Posts by Strider

    Don't add too many profiles! .


    The unit I purchased was used, and came with hundreds of profiles the previous owner had either made for himself or purchased. Then I got WAY too excited and added more from both the Rig Exchange and the pros, not stopping to consider how many came with each and how many I was accumulating. Almost before I knew what had happened, I had 726 profiles, which is ludicrous. Since then I have pared back massively. At least for me, there are maybe a dozen amps I really want access to, plus some cool things like Top Jimi's Brown sound pack. By the time I have picked my favorites, I hope to be down to fewer than 50, certainly no more than 100. Given the ability to add effects, tweak EQ settings, and all the rest, that will be more than enough for me (WAY more than enough, frankly).


    Go slow, and learn to use the Rig Manager. The world of rigs is easy to get lost in.....

    Layman's terms :
    A burger joint has a special Secret Sauce. I taste the Secret Sauce and determine that it must be made up of a combination of three ingredients. I then go home, make a batch of my own sauce using similar ingredients and sell it. LEGAL (reverse engineering).
    My mate works for the burger joint and steals the recipe for the Secret Sauce. He goes home and makes a batch using the recipe and sells it. ILLEGAL (copyright infringement).
    My other mate also works for the burger joint. He swipes a batch of Secret Sauce and sells it to his mates. ILLEGAL (theft).


    But if you reverse engineer the secret sauce and then market it using the name of the original -- or some comical derivative like "Chender Famp" -- then you are still exploiting the protected intellectual or other property.


    At least some people in this forum are old enough to remember "McDowells" from "Coming to America". Here is a quote from a legal blog that speaks to what I am talking about:


    "In the famous movie “Coming to America” starring Eddie Murphy, John Amos played the role of Cleo McDowell, an entrepreneur who owned McDowell restaurants which eerily resembles McDonalds.
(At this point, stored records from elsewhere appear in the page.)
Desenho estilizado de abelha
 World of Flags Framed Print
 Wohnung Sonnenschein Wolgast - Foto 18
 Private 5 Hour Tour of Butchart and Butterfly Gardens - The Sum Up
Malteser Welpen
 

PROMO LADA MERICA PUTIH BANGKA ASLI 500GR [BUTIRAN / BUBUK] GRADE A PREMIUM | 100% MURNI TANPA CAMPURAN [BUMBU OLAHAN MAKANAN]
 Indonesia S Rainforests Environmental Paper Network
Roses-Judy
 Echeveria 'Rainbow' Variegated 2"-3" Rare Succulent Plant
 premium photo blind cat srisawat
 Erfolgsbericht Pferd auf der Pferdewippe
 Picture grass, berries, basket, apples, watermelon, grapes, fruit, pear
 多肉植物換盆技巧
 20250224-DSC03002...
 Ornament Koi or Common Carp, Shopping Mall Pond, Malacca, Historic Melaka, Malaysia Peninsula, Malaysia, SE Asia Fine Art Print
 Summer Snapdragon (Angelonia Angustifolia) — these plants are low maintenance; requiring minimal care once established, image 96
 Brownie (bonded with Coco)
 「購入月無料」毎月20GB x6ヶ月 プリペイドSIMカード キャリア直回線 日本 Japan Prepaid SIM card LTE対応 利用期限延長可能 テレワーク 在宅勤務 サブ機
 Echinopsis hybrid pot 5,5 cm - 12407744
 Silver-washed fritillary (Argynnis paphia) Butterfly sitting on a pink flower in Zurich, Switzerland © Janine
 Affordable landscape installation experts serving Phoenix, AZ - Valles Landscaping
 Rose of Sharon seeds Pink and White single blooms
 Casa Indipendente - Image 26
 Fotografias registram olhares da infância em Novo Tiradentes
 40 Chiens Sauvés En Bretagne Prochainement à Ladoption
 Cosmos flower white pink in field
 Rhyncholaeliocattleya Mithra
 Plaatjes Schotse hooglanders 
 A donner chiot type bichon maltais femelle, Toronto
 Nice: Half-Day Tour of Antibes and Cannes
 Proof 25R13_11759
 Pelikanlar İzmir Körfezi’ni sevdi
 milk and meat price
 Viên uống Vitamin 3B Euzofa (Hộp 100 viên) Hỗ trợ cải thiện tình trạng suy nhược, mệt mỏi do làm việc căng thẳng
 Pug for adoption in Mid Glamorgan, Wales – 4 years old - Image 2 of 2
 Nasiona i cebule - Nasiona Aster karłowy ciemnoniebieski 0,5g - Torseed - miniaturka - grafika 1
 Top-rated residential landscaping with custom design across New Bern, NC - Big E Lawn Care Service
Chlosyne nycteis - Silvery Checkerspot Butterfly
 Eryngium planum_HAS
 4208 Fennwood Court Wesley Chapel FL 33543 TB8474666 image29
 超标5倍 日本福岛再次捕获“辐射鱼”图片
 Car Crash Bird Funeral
In the film, he’s quoted as saying “… me and the McDonald’s people got this little misunderstanding. See, they’re McDonald’s… I’m McDowell’s. They got the Golden Arches, mine is the Golden Arcs. They got the Big Mac, I got the Big Mick. We both got two all-beef patties, special sauce, lettuce, cheese, pickles and onions, but their buns have sesame seeds. My buns have no seeds.” Great fodder for film but in real life this would hardly fly. Specifically, under 15 U.S.C §§ 1051 et seq., also known as the Lanham Act that governs consumer confusion cases, a specific set of guidelines “protects the owner of a federally registered mark against the use of similar marks if such use is likely to result in consumer confusion, or if the dilution of a famous mark is likely to occur.”"


    One way or another this all passes legal muster, and like the OP I am thrilled to get to work with sounds I could never access otherwise. But it does come with misgivings and uncertainty about the propriety of it, if not the legality.